Block Oriented Programming: Automating Data-Only Attacks
This addresses a critical security problem for developers and defenders of software systems by automating the discovery of data-only attacks under advanced control-flow defenses, though it is incremental as it builds on existing code reuse techniques.
The authors tackled the problem of assessing the remaining attack surface for arbitrary code execution in binaries hardened with Control-Flow Integrity (CFI) and shadow stacks by introducing BOPC, a mechanism that automatically computes exploits from high-level payload specifications, achieving success in 81% of cases across 13 payloads applied to 10 applications.

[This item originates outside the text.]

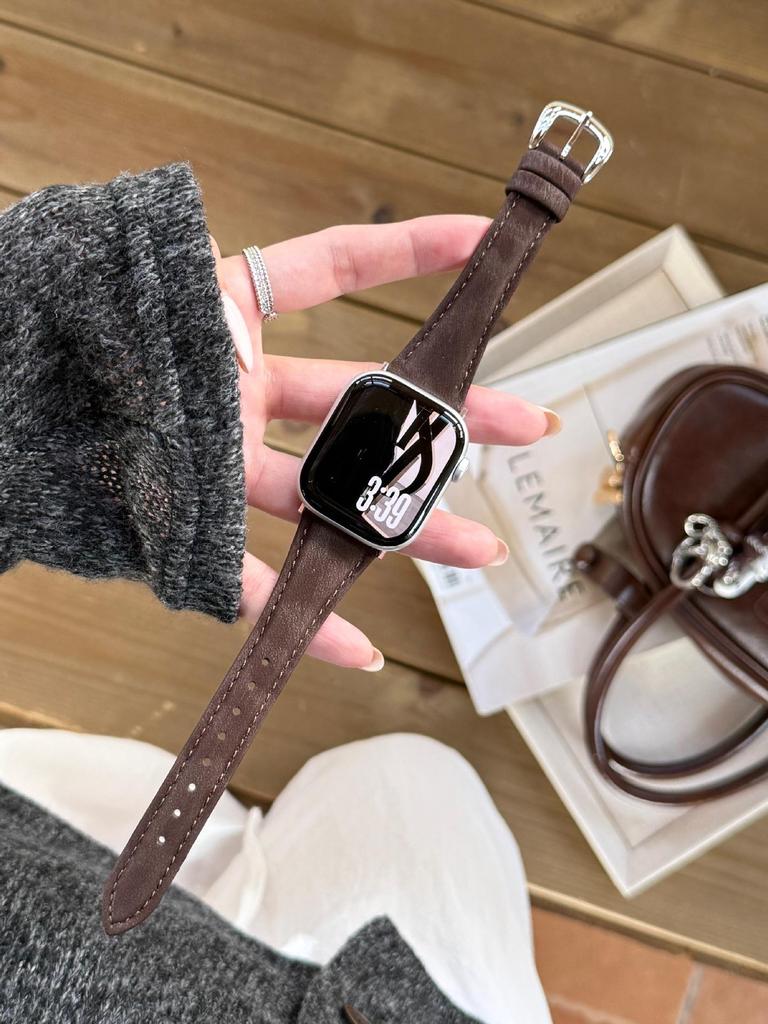 Bracelet en soie pour Apple Watch Series S11/S10/98765SE - Design taille fine pour femme.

With the widespread deployment of Control-Flow Integrity (CFI), control-flow hijacking attacks, and consequently code reuse attacks, are significantly more difficult. CFI limits control flow to well-known locations, severely restricting arbitrary code execution. Assessing the remaining attack surface of an application under advanced control-flow hijack defenses such as CFI and shadow stacks remains an open problem. We introduce BOPC, a mechanism to automatically assess whether an attacker can execute arbitrary code on a binary hardened with CFI/shadow stack defenses. BOPC computes exploits for a target program from payload specifications written in a Turing-complete, high-level language called SPL that abstracts away architecture and program-specific details. SPL payloads are compiled into a program trace that executes the desired behavior on top of the target binary. The input for BOPC is an SPL payload, a starting point (e.g., from a fuzzer crash) and an arbitrary memory write primitive that allows application state corruption. To map SPL payloads to a program trace, BOPC introduces Block Oriented Programming (BOP), a new code reuse technique that utilizes entire basic blocks as gadgets along valid execution paths in the program, i.e., without violating CFI or shadow stack policies. We find that the problem of mapping payloads to program traces is NP-hard, so BOPC first reduces the search space by pruning infeasible paths and then uses heuristics to guide the search to probable paths. BOPC encodes the BOP payload as a set of memory writes. We execute 13 SPL payloads applied to 10 popular applications. BOPC successfully finds payloads and complex execution traces -- which would likely not have been found through manual analysis -- while following the target's Control-Flow Graph under an ideal CFI policy in 81% of the cases.